The spokesperson to MOSOP president, Bari-ara Kpalap, who spoke with The Guardian, said: “The UNEP report was submitted in 2011. It is almost six years and there is no way the situation in 2011 will remain same. What it means is that the level of contamination is far higher now. And that means that there is need for a reassessment of the area to determine the exact state of pollution.”
He regretted that the communities were still drinking contaminated water after the global agency had certified presence of hydrocarbon and benzene due to helpnessness.
“The Ogoni people are deeply worried that nothing is happening concerning this whole clean-up exercise, especially after the flag-off had been concluded.
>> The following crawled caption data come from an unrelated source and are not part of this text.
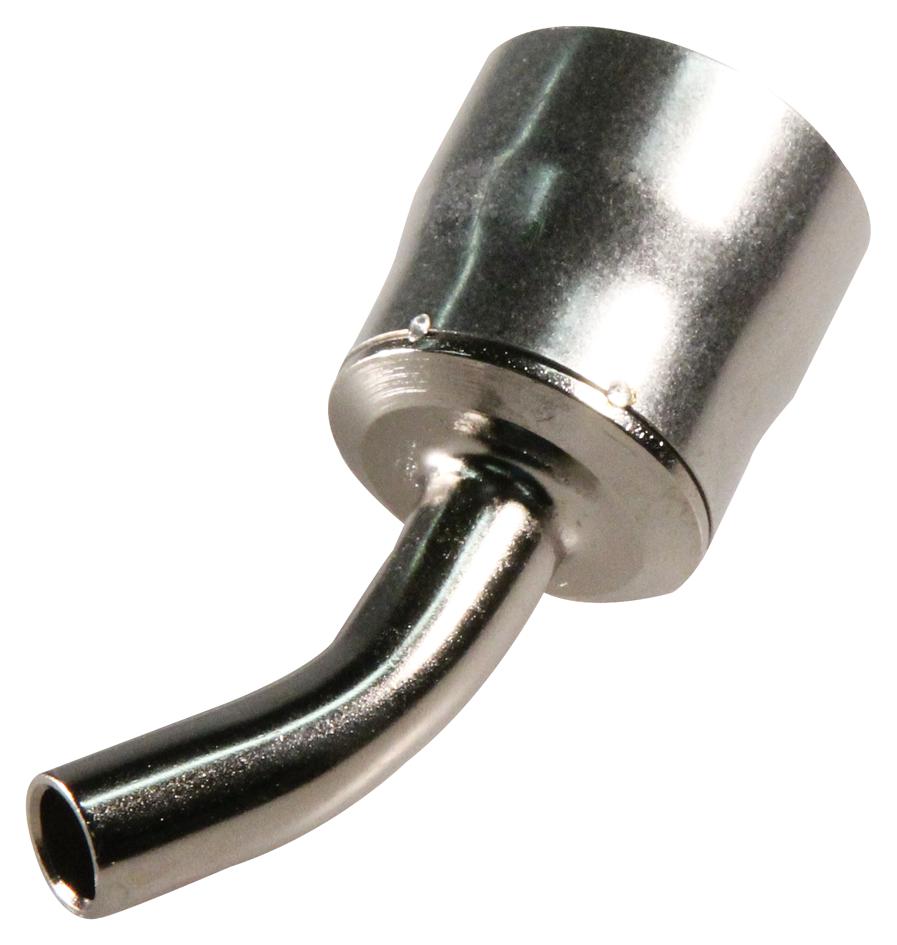 TNRB 60 HOT AIR NOZZLE, ROUND/BENT, 6MM WELLER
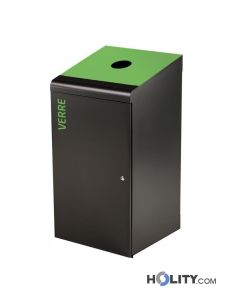 120-liter recycling bin h8643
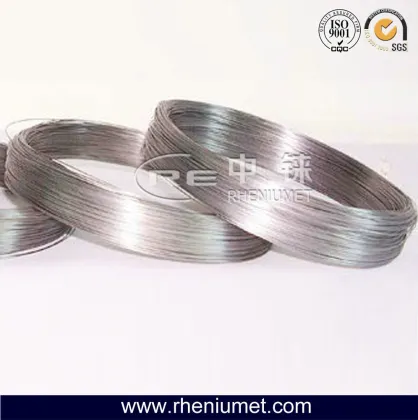 Manufacture -Tungsten Rhenium alloy Wire, general wire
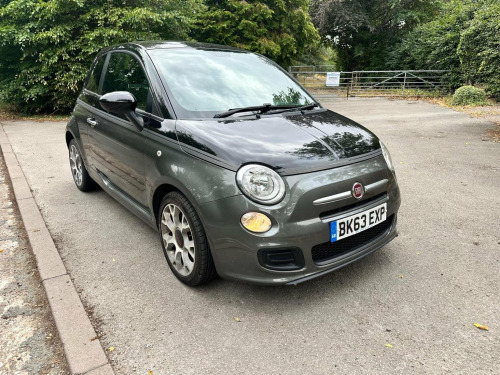 Fiat 500  0.9 TwinAir GQ Euro 5 (s/s) 3dr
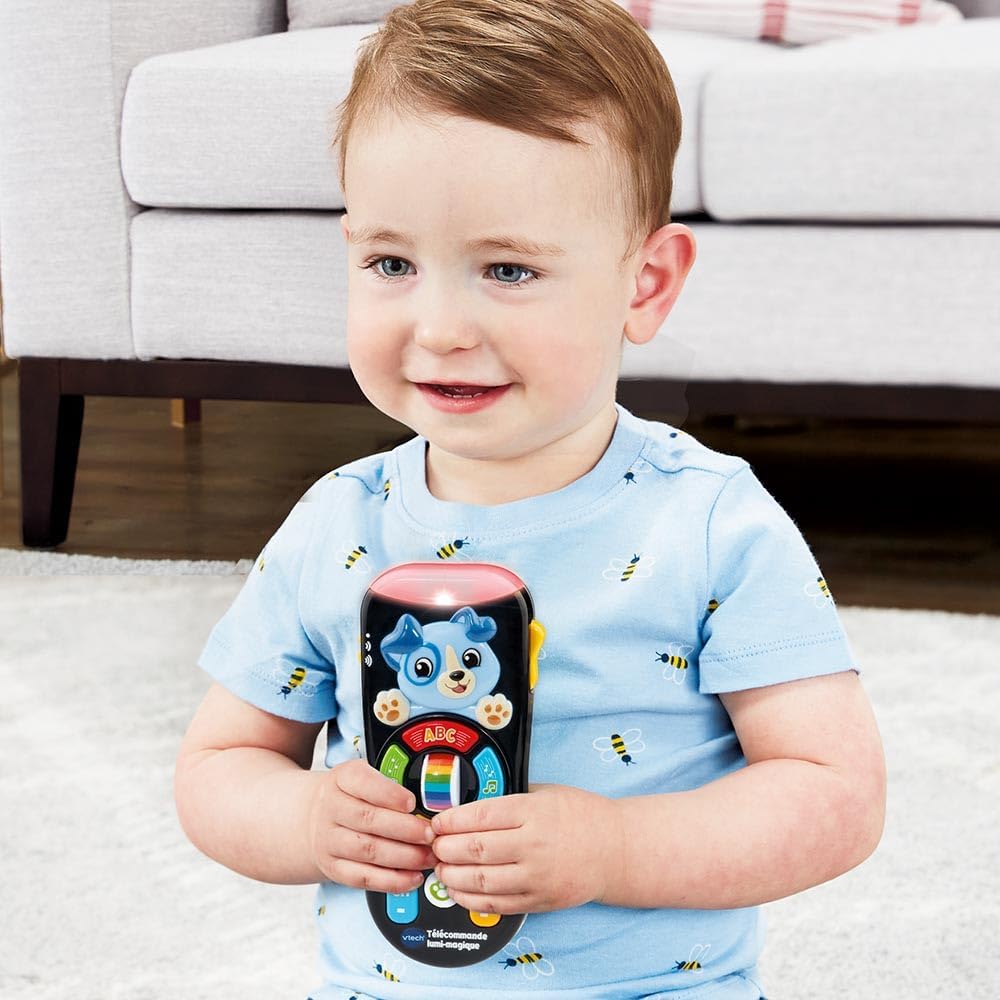Lumi-Magic Remote Control, Colour Changing Baby TV Remote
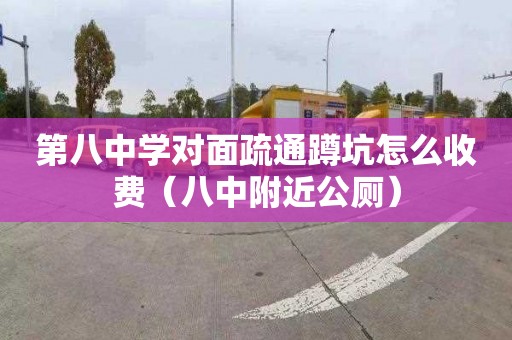 第八中学对面疏通蹲坑怎么收费（八中附近公厕）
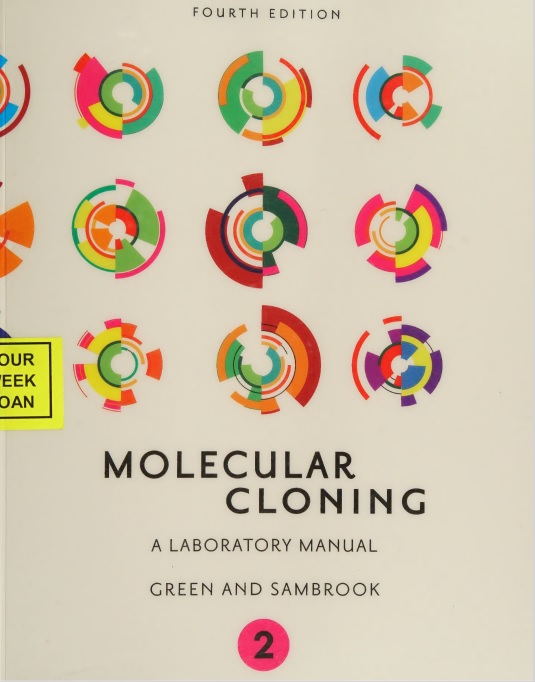 Molecular Cloning A Laboratory Manual 4th Michael R Green Joseph Sambrook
They are disturbed that the pollution is not abating. You can imagine what is happening to our health and survival. We are deeply worried that we are not seeing anything on ground to indicate that the implementation has actually begun,” he lamented.
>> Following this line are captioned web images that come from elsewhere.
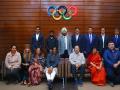 Indian Olympic Association Executive Council holds first meeting - Hindi News | Indian Olympic Association Executive Council holds first meeting | Latest other-sports News at Lokmattimes.com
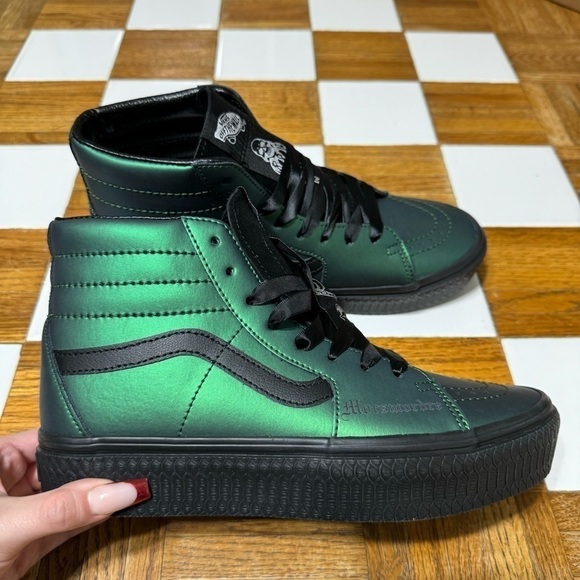Vans x Harry Potter Sk8-Hi Platform Dark Arts Sneaker Size 8.5 Women - Picture 5 of 12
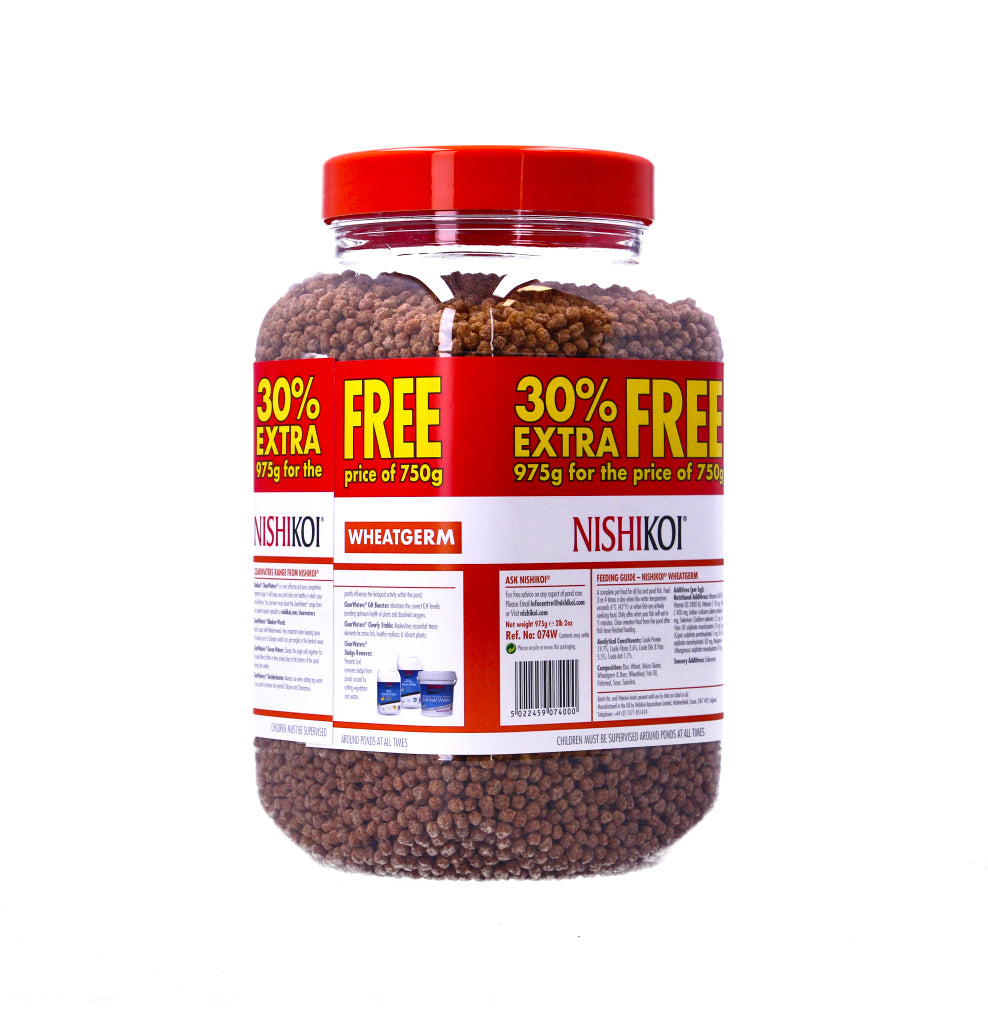 Nishikoi Wheatgerm 750g 30% Extra Small Pellet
Kpalap went on: “Our survival has been compromised as a result of this delay. Our underground and surface waters remain contaminated, yet we do not have an alternative. We are drinking the contaminated water. The consequence is that we are dying and suffering ailments.”
He revealed that land had been made available for the establishment of the Centre of Excellence and Soil Management, one of the key recommendations of the report.
Kpalap added that the governing council of HYPREP was to pick a suitable location for the centre.